I bet there are people in the District Attorney’s office that still get queasy when they think about how they handled this case. And I bet they don’t talk about it, ever. I bet they never tell their children what they did.

Justifiable homicide. Self defense. Officer Griffin suspected the man on the sidewalk wanted to kill him. So he blasted him first, several times. He couldn’t miss at that range. I don’t know if McDade’s cell phone remained on his belt or went skittering across the sidewalk, harmlessly. But I am absolutely flabbergasted they knelt down, rolled him over and cuffed him. He had eight holes in him. There must have been blood everywhere. I don’t know what those officers were thinking at that moment. But if they handcuffed a dying man they weren’t thinking the right thing. They knew he was a goner, and that they might be too. So they were trying to get their story right. How to explain away killing a completely innocent citizen guy by mistake. That’s what they were thinking.

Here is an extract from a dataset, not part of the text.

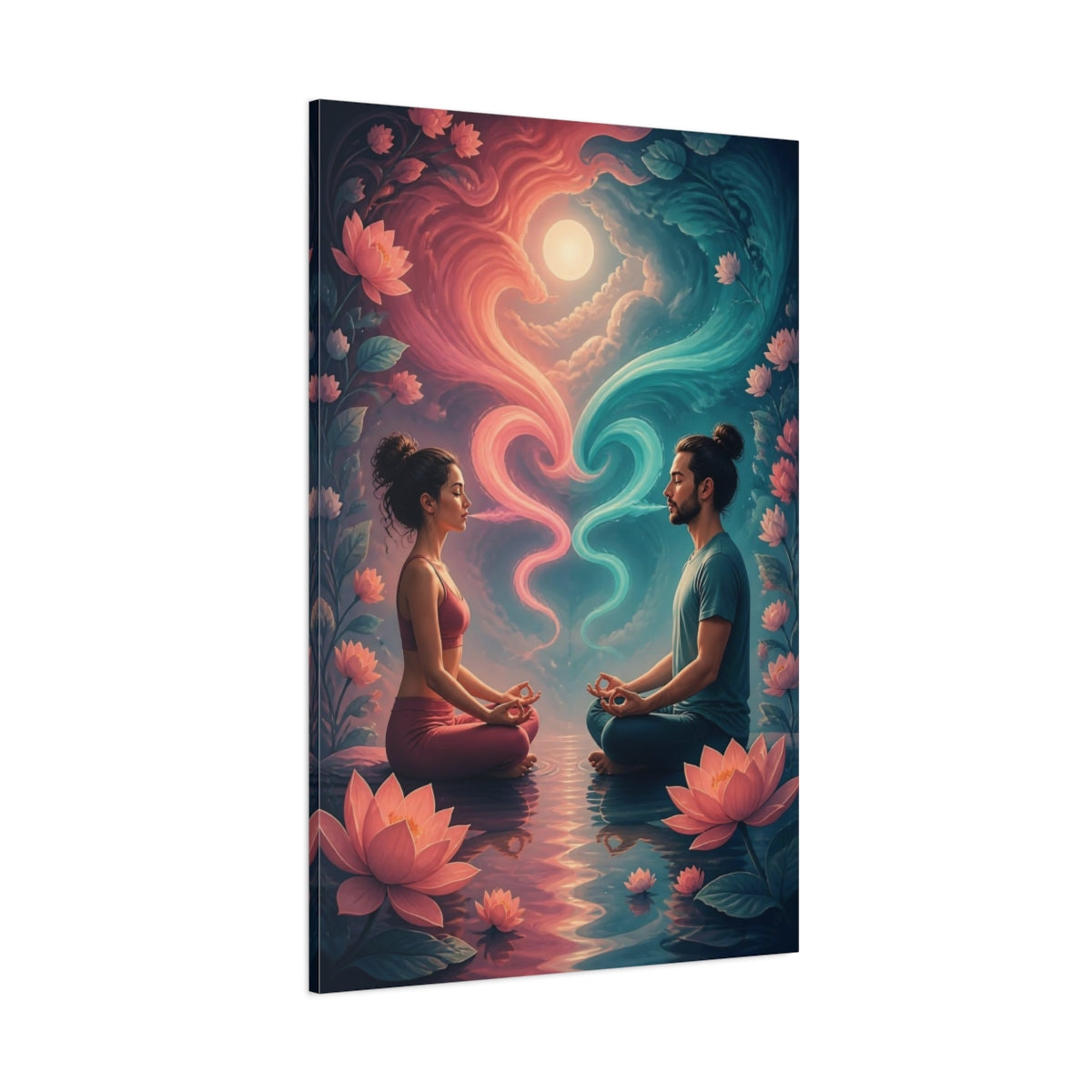Side Mockup 1. Meditating Couple With Lotus shown as canvas print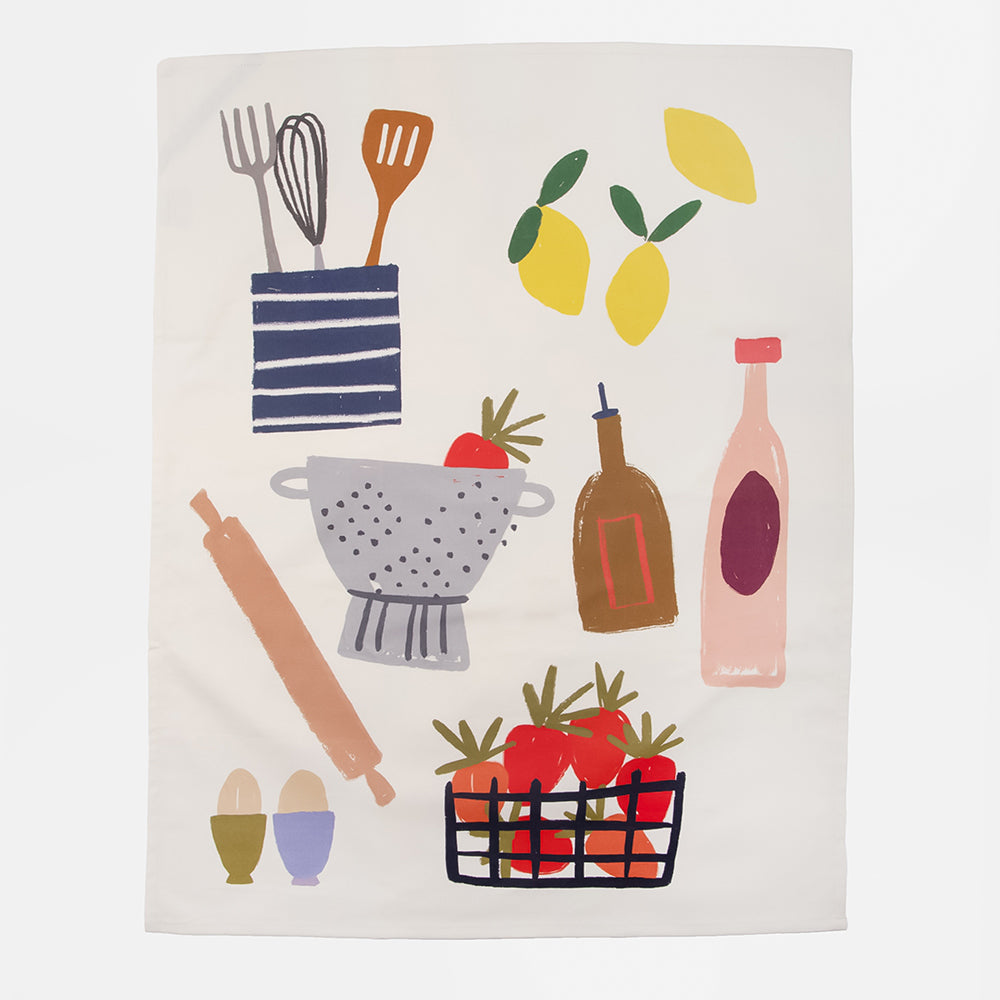 cotton tea towel with hand printed kitchen items design, fruits, utensils, oils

I’m sorry this piece is so goddam angry. So goddam angry that the writing’s not the best, the structure a little messed up, repetitive. I’m sorry if I’ve pissed off any other police officers who might see this, which wasn’t my intention at all, and I’m sorry if some people in Pasadena might think I should shut about all this because I don’t live there. But sometimes you can’t help being angry. And some people can’t help being dead either. The living cover their asses and all is forgotten. Wrong place, wrong time.